W.'s predisposition to read Book 38 as, at best, a resume of Livy's sources is particularly clear in his treatment of Volso's application for a triumph (44. 9 - 50. 3). Livy juxtaposes two speeches, one by L. Furius Purpurio and L. Aemilius Paulus attacking the commander, the other by Volso in response. In an excellent discussion of the rhetoric of the orations, W. observes that "the general's reply is carefully ordered according to Quintilian's scheme for the deliberative speech" and that "the speech of the commissioners has no oratorical structure but merely follows Volso's activities chronologically" (45). A startling conclusion, however, follows from this: "The disparity between the lengths and presentation of the two speeches suggests that Livy favors Volso's cause" (ibid.; see also 50. 3). But W. himself concedes that Volso's justification of his expedition is contrived: "his argument here is hollow, since he had decided on a military campaign from the outset" (48. 12). In fact, the oration is largely a tissue of fabrications and misrepresentations, and one immediately suspects that it is a work of deliberate irony. This seems clear especially in Volso's indictment of the Gauls for plundering and ravaging the land of their neighbors (47. 12), the very thing the Romans had done under his leadership and that would later be a standard charge against them.7 As regards the speech's length and structure, it should be recalled that in Livy's judgment, the campaign against the Gauls was a turning point in Roman history: "the start of foreign luxury was brought to the city by the army from Asia" (39. 6. 7). It is not surprising that the historian would choose to highlight such an occasion with a powerful oration, and the one he prepared fits the situation perfectly. Volso's speech, a pack of lies, reflects precisely the moral corruption that Livy believed resulted from the Galatian expedition. Also, it gains force from comparison to the weak oration of Volso's adversaries that precedes it, which itself is marred by misrepresentations (as W.'s useful comments point out). Altogether, it is an ugly encounter that Livy describes, and it seems clear that the historian is on the side of the loser, the Roman people. To one who reads Livy as a modern historian, this may seem to be "mediocre history, but magnificent eloquence." But that is to miss the point, I believe.


NOTES

  • [1] P. G. Walsh, "The Literary Techniques of Livy," RhM 97 (1954), 7-97-114, id., Livy, His Historical Aims and Methods (Cambridge, 1961), 173-190.

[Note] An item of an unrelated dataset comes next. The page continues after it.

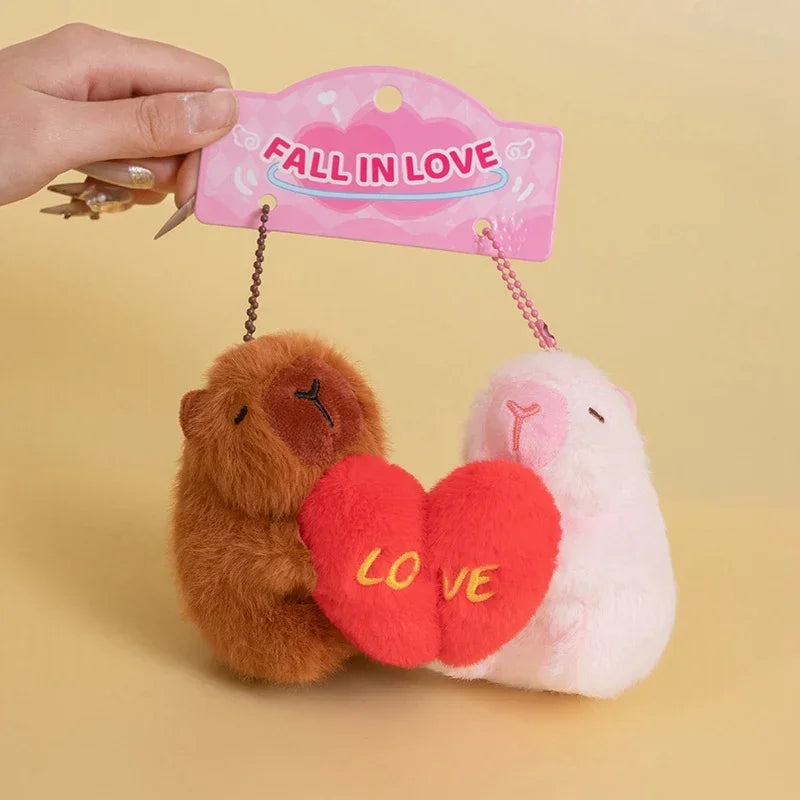 Kawaii Animal Capybara Hold Heart Plush Toys Lovely Couple Capybara Stuffed Animal Funny Doll Perfect Birthday Gift For Lovers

  • [2] See especially "Design and Structure in Livy: 5.32-55," TAPA 102 (1971), 265-302, and Livy: The Composition of His History (Princeton, 1977).
  • [3] Gary Miles, "Maiores, Conditores, and Livy's Perspective on the Past," TAPA 118 (1988), 185-208; id., "The Cycle of Roman History in Livy's First Pentad," AJP 107 (1986), 1-33.
  • [4] A. J. Woodman, Rhetoric in Classical Historiography (Portland, 1988).
  • [5] Livy: The Composition of His History, 185-229.
  • [6] G. W. Houston, rev. Luce, Livy: The Composition of His History, CP 75 (1980), 73-77.
  • [7] Sources and discussion in B. Forte, Rome and the Romans as the Greeks Saw Them (Papers and Monographs of the American Academy in Rome, 24) (Rome, 1972).